[Info-vax] VMS and the (lack of the) TRIM facility.

terry+googleblog at tmk.com terry+googleblog at tmk.com
Sat Jun 20 05:23:08 EDT 2015


On Saturday, June 20, 2015 at 4:28:08 AM UTC-4, Dirk Munk wrote:
> As far as I'm aware VMS doesn't have TRIM yet, not even the Itanium 
> version. So that would make SSD's not very suitable for VMS.

There are two possible solutions, one of which might be implementable by a skilled customer and a better one that would require engineering support from multiple groups.

The easy one is to write a utility that uses the operating system's storage allocation map (BITMAP.SYS and friends on VMS) to construct a free block list and (after appropriate sanity-checking) locks out I/O to the disk from other processes and issues TRIM commands for those blocks, then unlocks I/O. Many of the earlier SSDs for pre-TRIM systems came with a "performance restoration utility" that did exactly this. Most of the underlying OS functions you would need to write such a utility exist on VMS - the "lock out all I/O except mine" exists in ANALYZE/DISK/REPAIR, and I think the MOVEFILE primitive can be coerced into marking blocks vacant and requesting TRIM.
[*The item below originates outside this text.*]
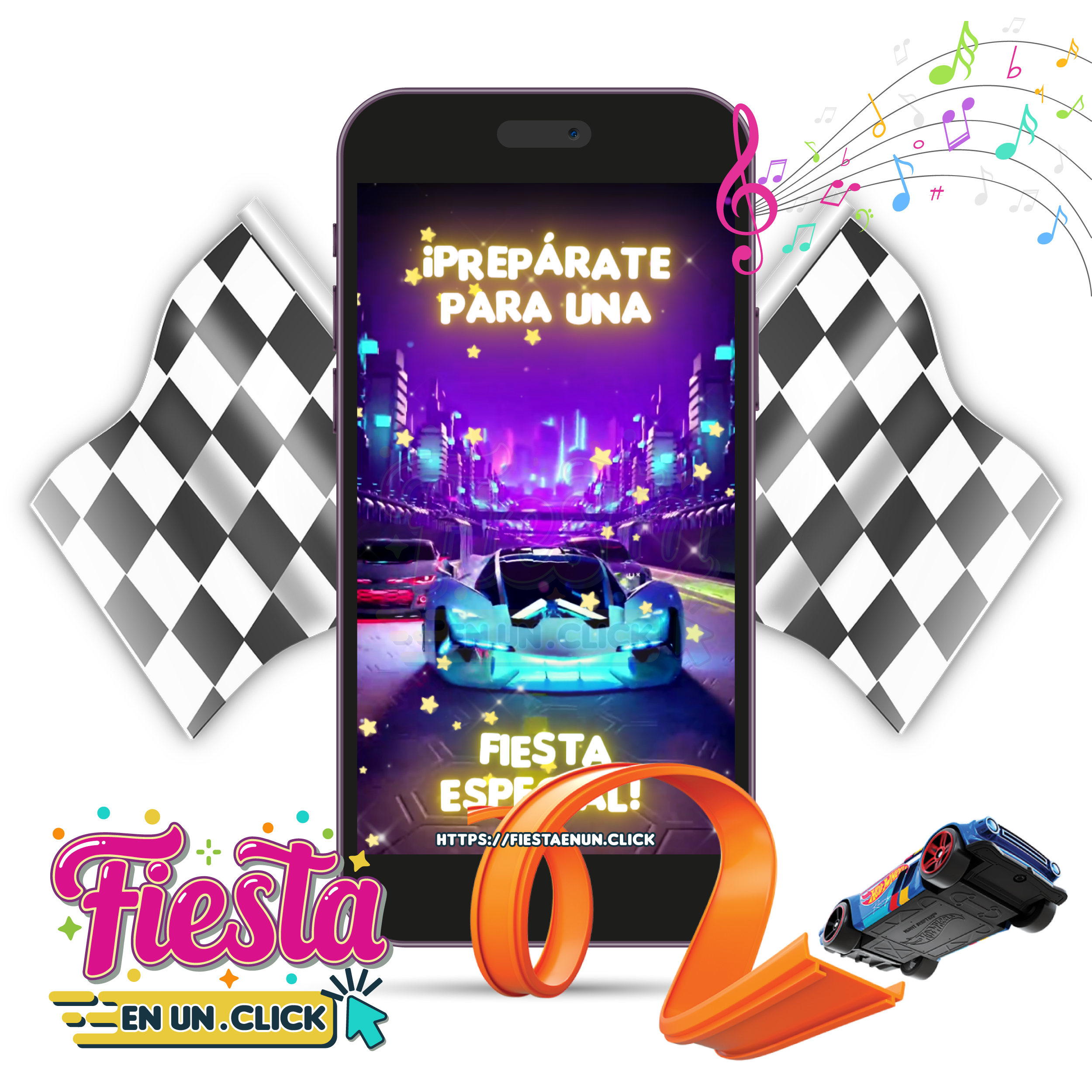 Invitación Video Hot Wheels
The better one is to have all of the necessary code between the filesystem and the actual SSD device be TRIM-aware, so that a DELETE in DCL, for example, makes it through the filesystem and down into the disk driver with a list of blocks that are safe to TRIM. The big problem here is that a number of "smart" controllers don't know what TRIM is, and when the TRIM request gets added to the work queue of the controller, the controller just ignores it (at best). This means that controller and firmware vendors need to get involved. The best hope here is for new VMS releases to use recent-vintage industry-standard controllers which already know about TRIM, instead of older or obsolete controllers with special DEC / Compaq / HP firmware, where HP would have to pay for new firmware development in order to get the TRIM support added.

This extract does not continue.